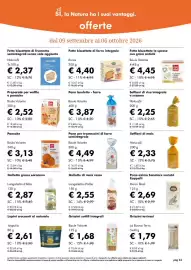 Volantino NaturaSì Pagina 26: Fette biscottate di farro integrale €4,40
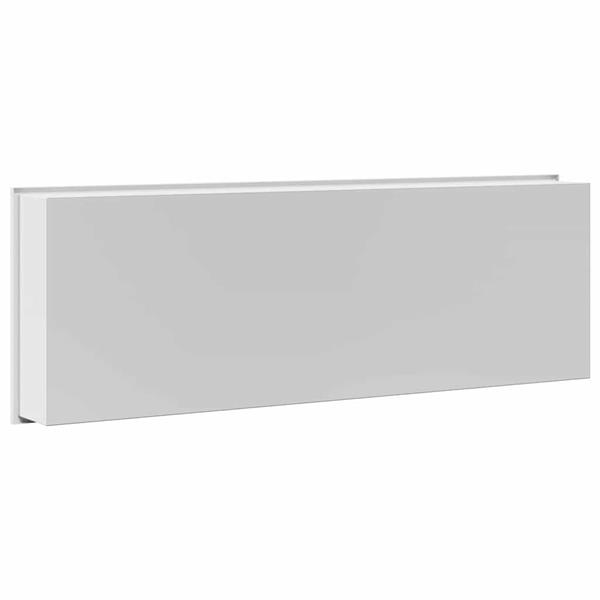 Grote foto vidaxl douche niche wit 90 x 30 x 9.5 cm roestvrij staal huis en inrichting complete badkamers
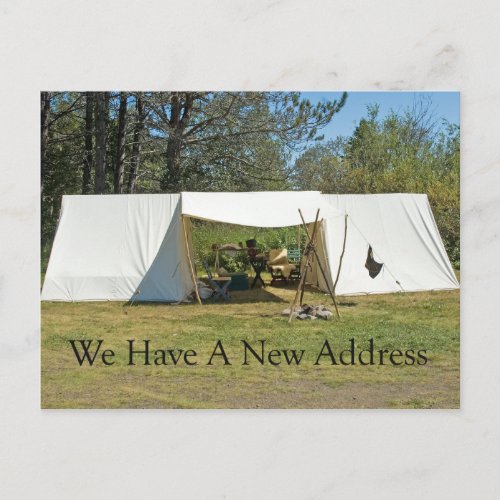 Change of Address Card _ Tent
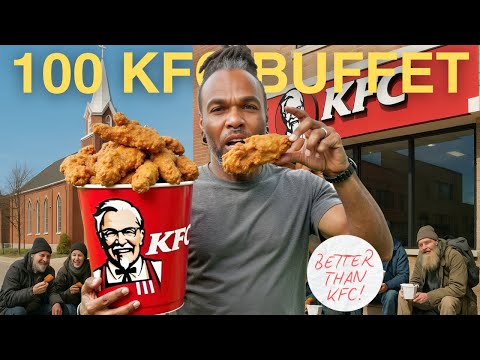 Making 100 Pieces Of KFC Style Fried Chicken For The Homeless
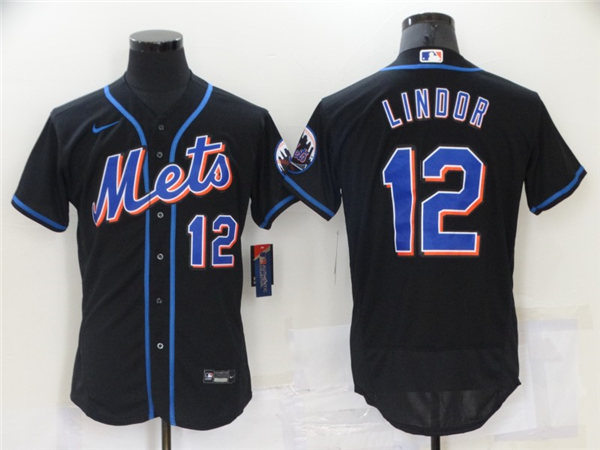 Mens New York Mets #12 Francisco Lindor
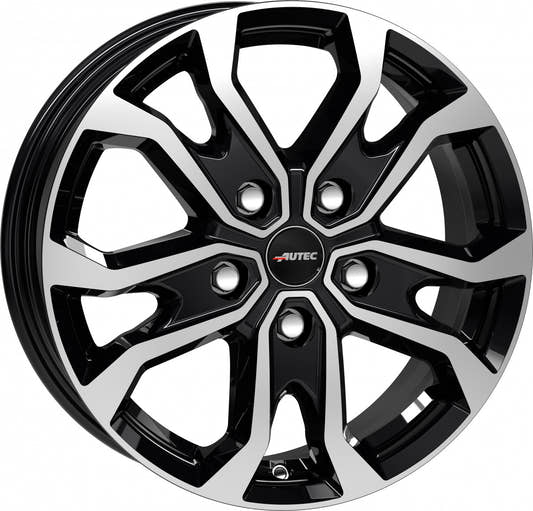 Autec Typ KS - Kiso schwarz poliert 6.5x16 ET44 - LK5/120 ML65.1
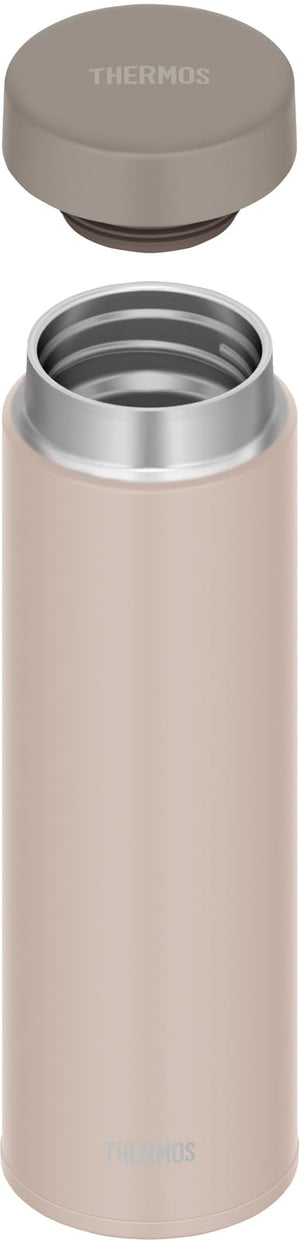 Thermos 480ml Stainless Steel Vacuum Insulated Water Bottle Easy Clean Screw Type Shell Beige - Jon - 481 Sbe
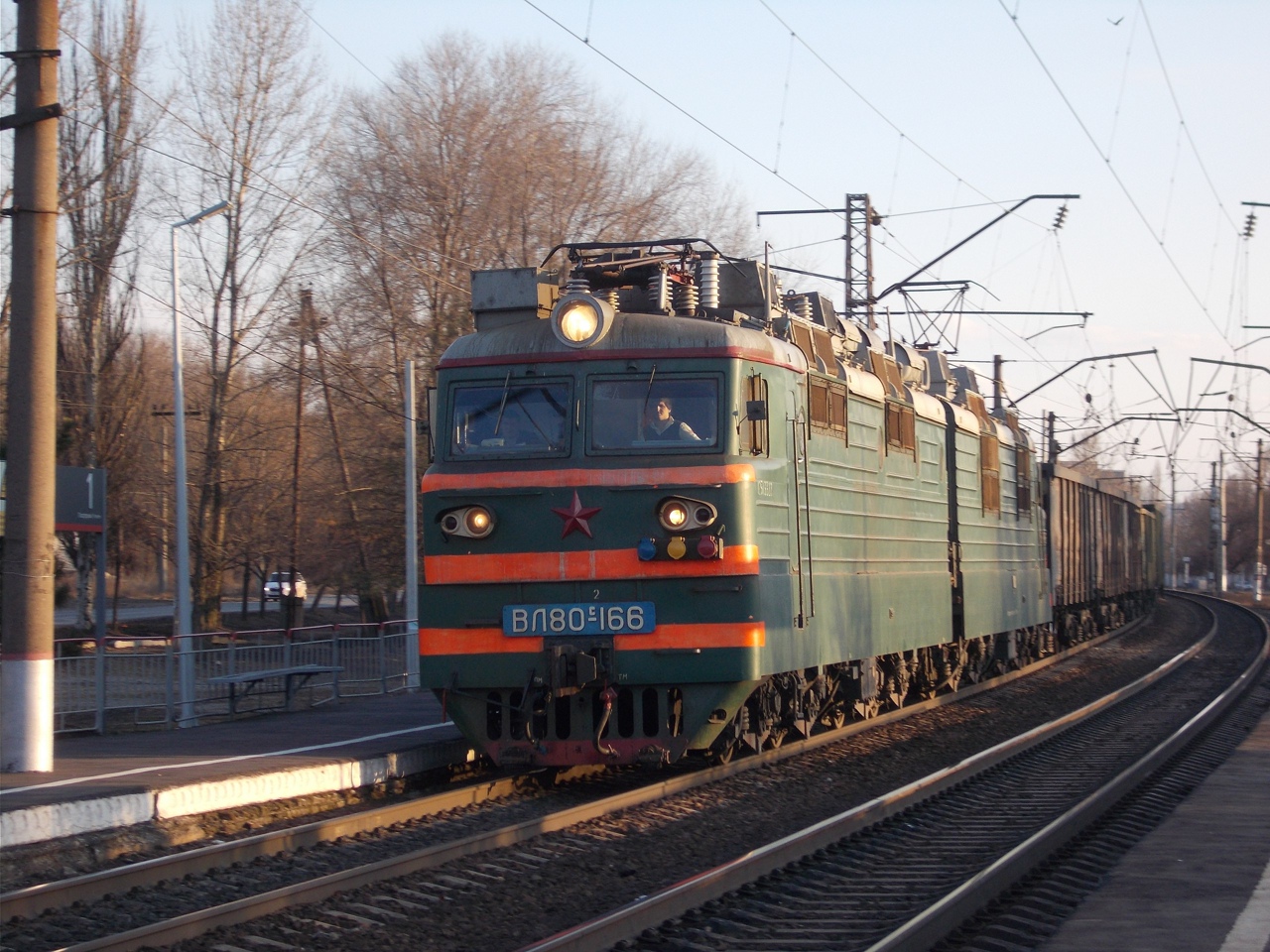 Северо-Кавказская железная дорога, № ВЛ80С-166 — 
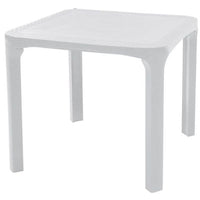 Tavolo Olè in resina effetto rattan - La Dea Sedia Colore: Bianco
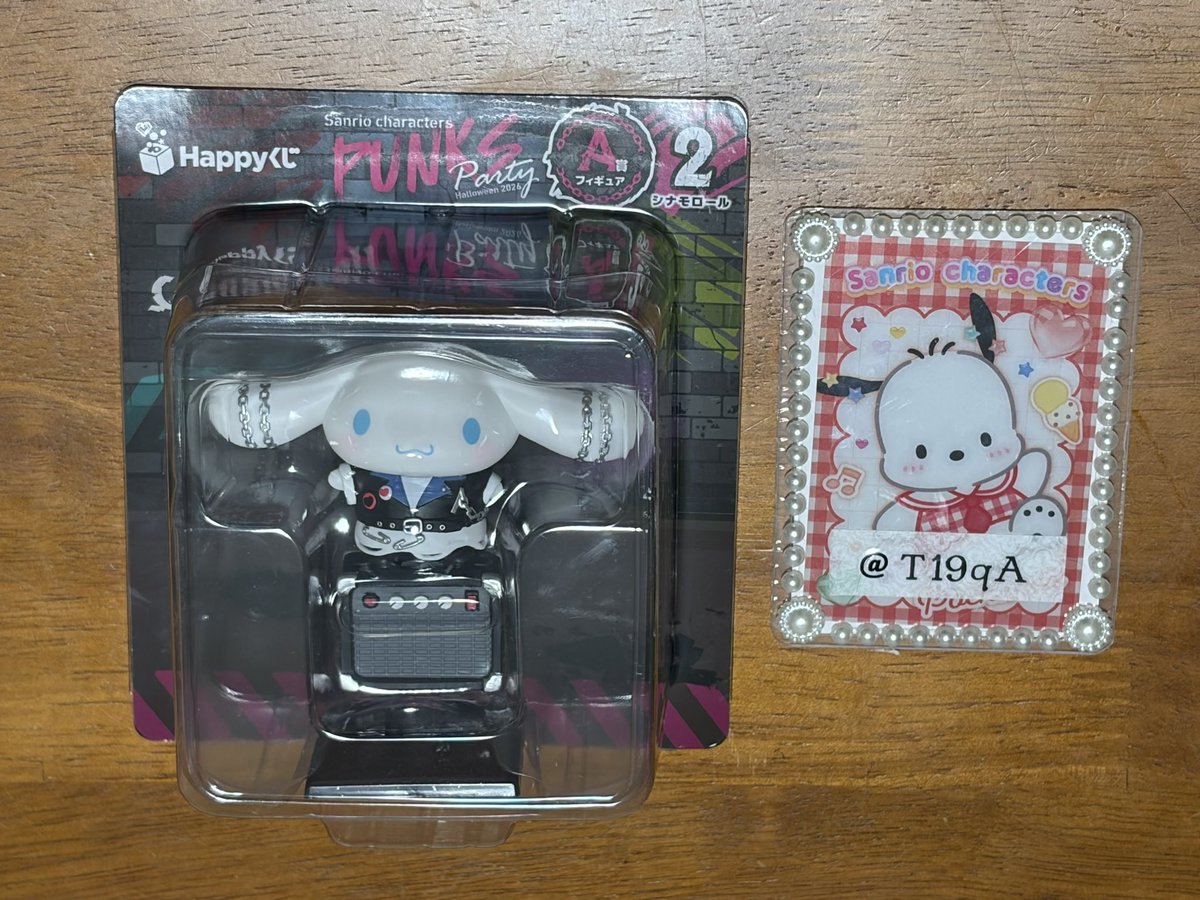 T19qA's tweet photo. 【交換】サンリオ ハッピーくじ フィギュア

譲：A賞 シナモンロール

求：A賞 ポムポムプリン

郵送 or 9/23池袋手渡し可能です。
お気軽にお声掛けください！ https://t.co/EN2ZPnyDrV
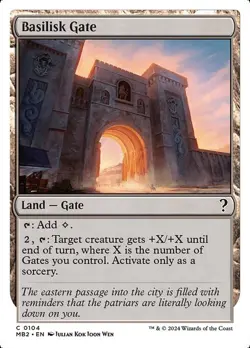 Basilisk Gate x1 1x Mystery Booster 2 White Border NM MTG - Image 1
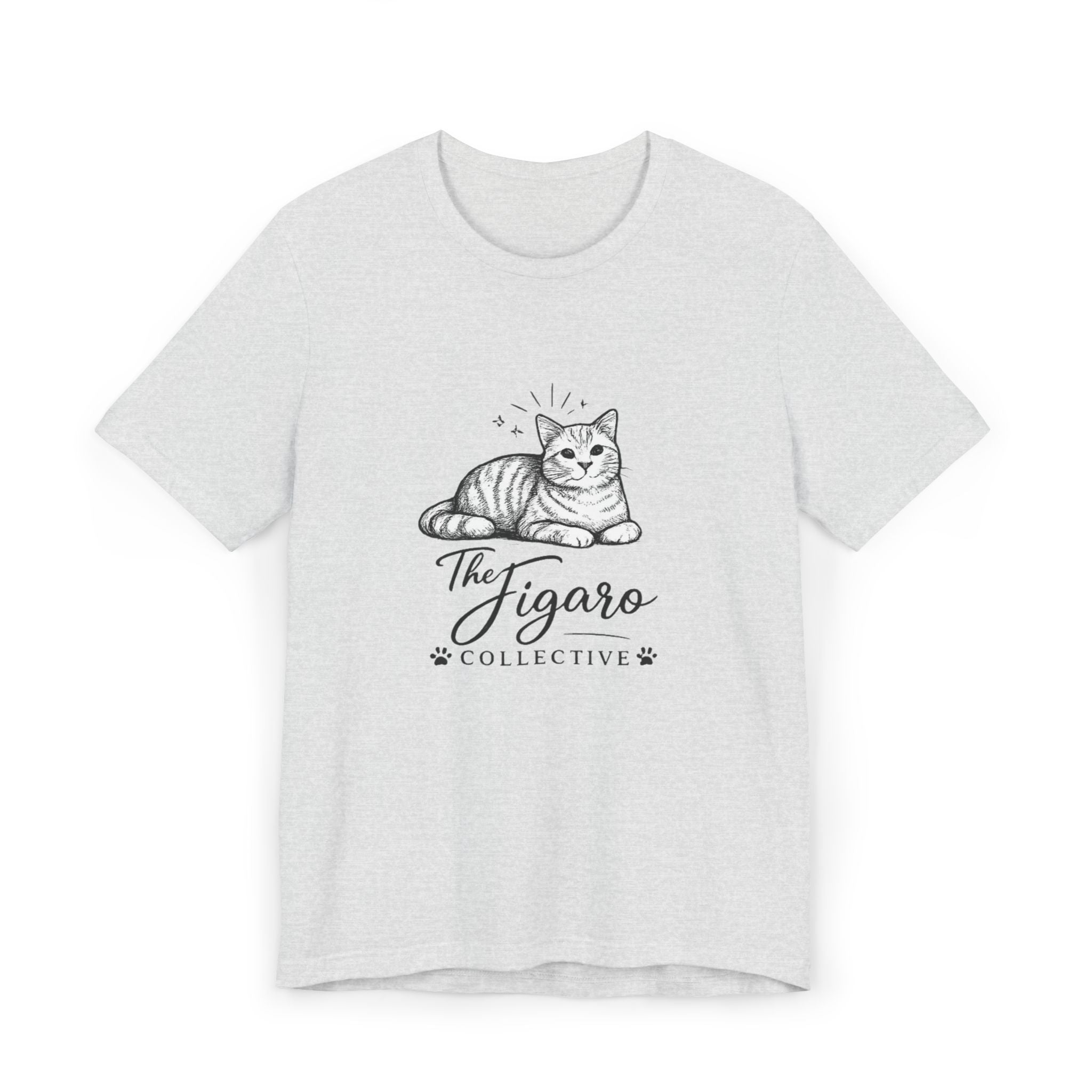 Figaro Collective Cat T-Shirt — Vintage Sketch Kitten Tee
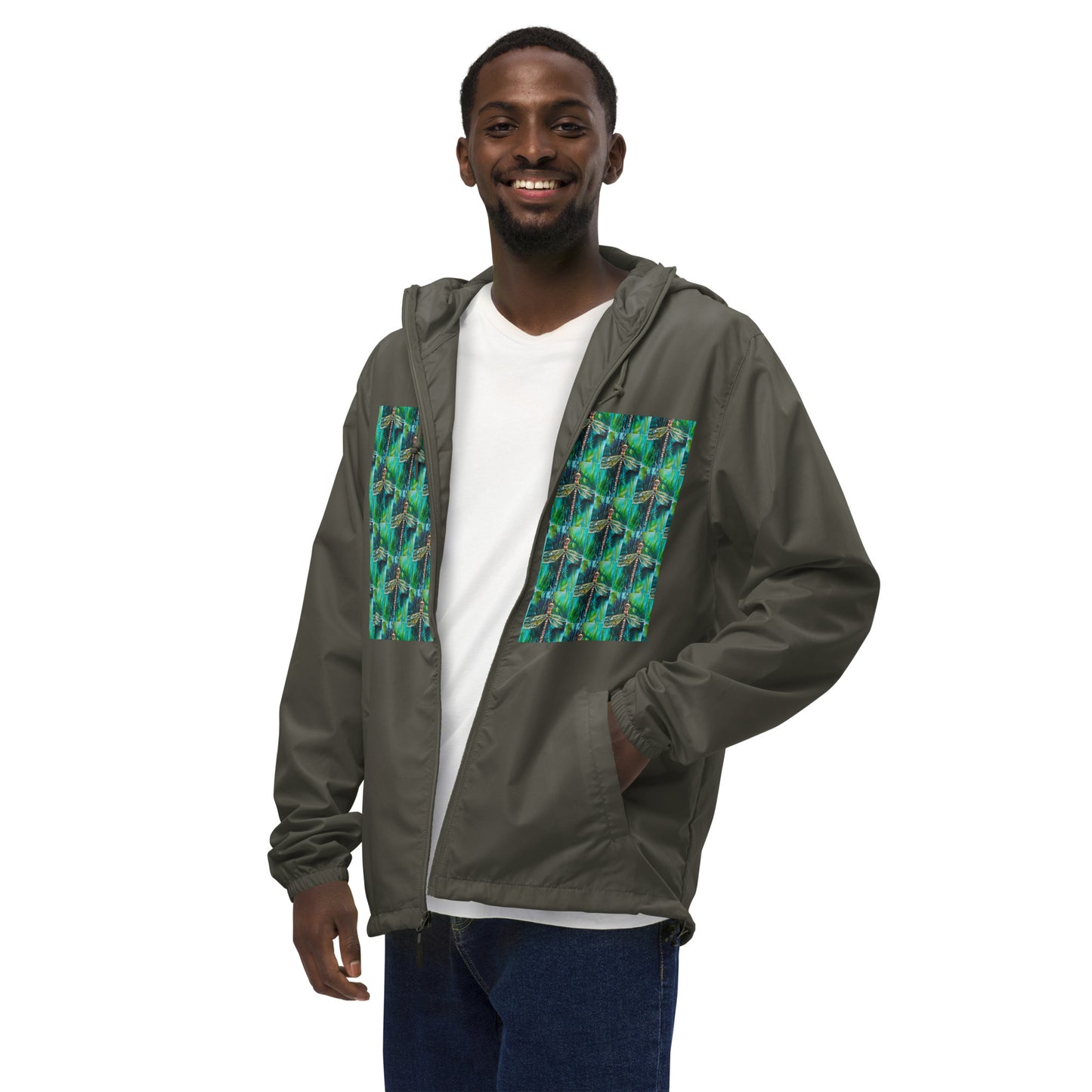 Green Dragonfly Unisex lightweight zip up windbreaker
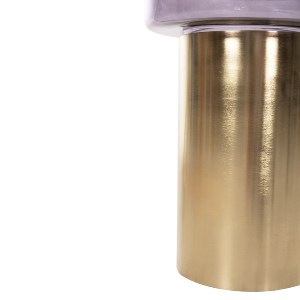 72827 ΒΟΗΘΗΤΙΚΟ ΤΡΑΠΕΖΑΚΙ CARMO HM9728 ΜΩΒ ΓΥΑΛΙ-ΧΡΥΣΟ ΜΕΤΑΛΛΟ Φ39Χ54Υεκ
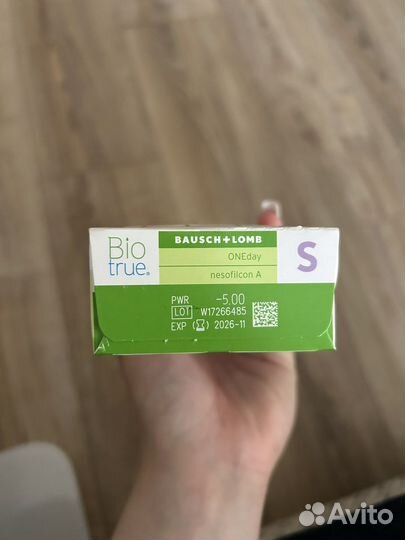 Линзы контактные bausch+ lomd biotrye oneday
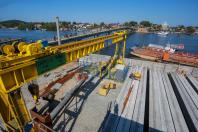 Construção da Nova Ponte da Ilha dos Valadares, em Paranaguá, está em andamento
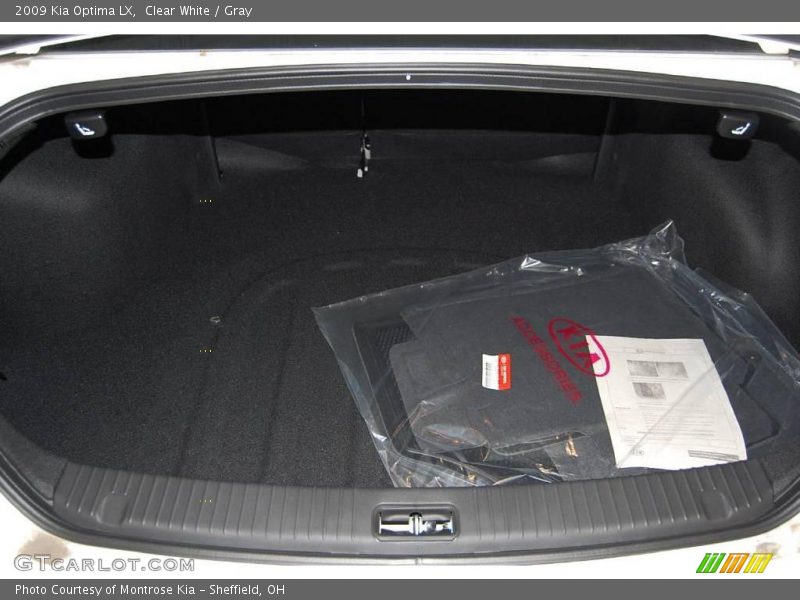 Clear White / Gray 2009 Kia Optima LX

**Exercise directions**
Restate the lines of the records exactly, starting at the first and stopping after the line with "Autec Typ KS". Leave out any picture.

**Reply**
 Volantino NaturaSì Pagina 26: Fette biscottate di farro integrale €4,40
 Grote foto vidaxl douche niche wit 90 x 30 x 9.5 cm roestvrij staal huis en inrichting complete badkamers
 Change of Address Card _ Tent
 Making 100 Pieces Of KFC Style Fried Chicken For The Homeless
 Mens New York Mets #12 Francisco Lindor
 Autec Typ KS - Kiso schwarz poliert 6.5x16 ET44 - LK5/120 ML65.1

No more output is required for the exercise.